"Is that part of the skirt?"
"Well, it's a dress here, and the apron goes on top. So it's, like, is it one piece? Two pieces? Three pieces? The apron really abstracts the negative space and changes the silhouette."
That's a brief excerpt from a preview conversation last week with Phillip Lim, in which he explained his puzzle-piece concept: Backless, side-less, and bottomless garments all somehow came together to form a full look. It was certainly an ambitious gambit, not easy to pull off, but it made for one of the best and most refined 3.1 collections to date.
The most important thing Lim did right was to not stray from the very familiar ground of clean sportswear, and to keep the palette neutral. He also developed his idea of spatial abstraction by playing with sheers, resulting in some of the best experiments with the trend we've seen this week. The backs of leather-paillette-covered T-shirts were done in see-through organza; nude tulle shifts were embroidered with five varieties of black lace; and the trench was given a chic new spin in translucent organza, edged in black and covered in little bobbing threads.

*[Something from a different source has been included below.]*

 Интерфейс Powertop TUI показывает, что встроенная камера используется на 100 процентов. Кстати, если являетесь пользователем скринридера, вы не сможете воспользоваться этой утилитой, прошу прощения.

There was definitely a greater sense of luxury, particularly in the beautiful silk menswear tailoring. (Perhaps those looks betrayed his admiration for the tailoring on last season's Paris runways. Or perhaps we're seeing the influence of Nancy Rohde, the stylist and Dries Van Noten consultant who worked on the collection and was Lim's first-ever show stylist.) Another thing Lim has going for him, of course, is that he will always offer the nicer price, and that should propel the bags and shoes that debuted here today into the retail stratosphere.